The red and white kitchen as we now know it – with Coca-Cola glasses and plates sitting next to a full display case full of numerous clocks, bottles and posters – began when the Lodgens were moving into their current house 28 years ago and Ellen came upon three Coke bottles from Egypt, Israel, and America. Coincidentally, Larry had a Coke glass containing a candle and a straw. They decided to put all four of the branded items together in the kitchen, and one of their many collections was born.
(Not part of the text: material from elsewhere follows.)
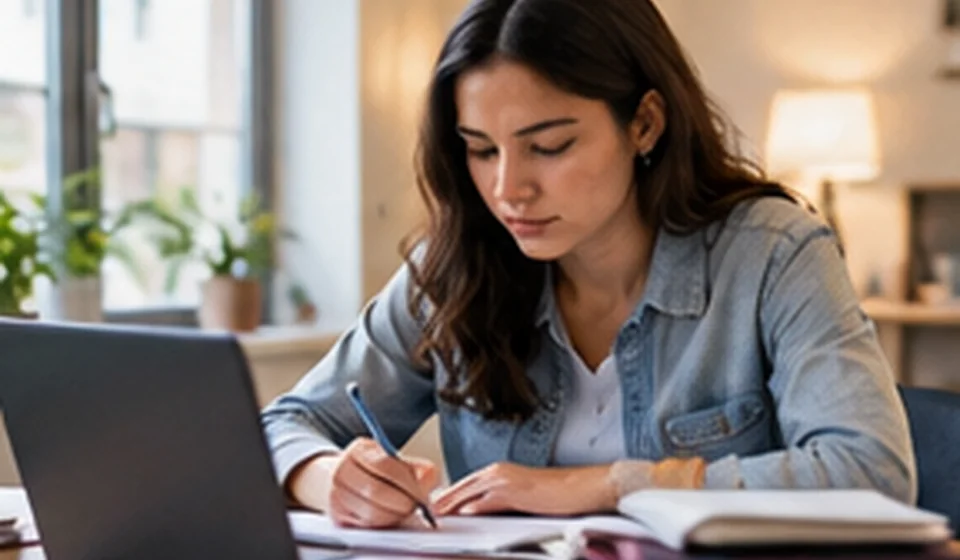 Personne qui cherche des offres d'emploi sur un ordinateur portable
The city of menorahs just outside the kitchen began in much the same way: Once they had a few, they started looking for more. When friends and family started giving them menorahs as gifts, the collection grew exponentially. (Three more are expected this year and, in a Hanukkah miracle, there’s still a bit of room on the shelves full of decades worth of mementos.) They come from far and wide: from temple gift shops to California to Israel (where Ellen and Larry go every other year and make sure to stock up on a bunch of new ones), to Plaster Fun Time and the Epstein Hillel art room, where their now-adult daughter Sara crafted her own many years ago. (Sara’s favorite is the Disney menorah, featuring Mickey, Minnie, Goofy, and the rest of the crew holding up candles on their heads.) Some come from Pebble Beach resorts and others from Jerusalem souks. A life-size iron one in the living room from Ellen’s parents is rumored to be from Spain during the time of the Inquisition. However, many can also be found at Marshalls, T.J. Maxx and, ironically, the Christmas Tree Shops, which sells many smaller glass menorahs.
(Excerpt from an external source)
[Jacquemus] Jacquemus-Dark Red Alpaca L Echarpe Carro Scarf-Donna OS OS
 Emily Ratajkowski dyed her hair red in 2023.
“T.J. Maxx has one Hanukkah table where they throw everything in the store that’s blue, but there are some Hanukkah menorahs,” said Larry.
With so many to choose from, the Lodgens pick a different one to light each night of Hanukkah. They choose at random, but enduring favorites are a simple, flat silver one capped off with a Jewish star from Larry’s Revere childhood, the Disney characters that remind them of Sara’s childhood, and the black and gold music box – the one Sara usually chose when she was young – that Larry once had to smuggle and schlep to keep a surprise.
“We were in California, I think at Pebble Beach, and I found this, and it’s really heavy,” said Larry. “And [Ellen] was off shopping on one street, and I was off on another. We were gonna meet in an hour, and I thought ‘I can’t believe I’ve gotta carry this thing all the way through,’ but I carried it and snuck it into my suitcase and she got it for Hanukkah.”
For Hanukkah gifts, Ellen and Larry sometimes receive menorahs, but they also get items to supplement their many other collections. Larry’s students at Washington Elementary School in Lynn buy him Red Sox gear for his shrine down the hall. Some friends buy them globes and maps for their collection in the den, and others buy them shot glasses, which they make sure to get on every trip to somewhere new. Others buy them salt and pepper shakers for a collection right next to the menorahs that is just as formidable, which began with Ellen’s grandmother’s chipmunk salt shakers. Or sometimes they receive dreidels, Jewish stars, mezuzot or the many other Judaic items interspersed throughout their home.
Sara calls her parents’ living room the “Judaica room,” and much of it is Ellen’s creation. She is a skilled calligrapher who designed her own ketubah, which includes a family tree designed to look like an olive tree. Close by is the entire text of Sara’s bat mitzvah haftarah rearranged into shin, and resh and he, the Hebrew letters spelling out “Sara,” and the names of the Lodgen family in the shape of a Jewish star.
“Friends come over and say it’s a museum,” said Larry. “Why aren’t we charging admission?”
They probably could, but the price would be reasonable – just bring along something you found for a dollar at a flea market – bring along something with a story.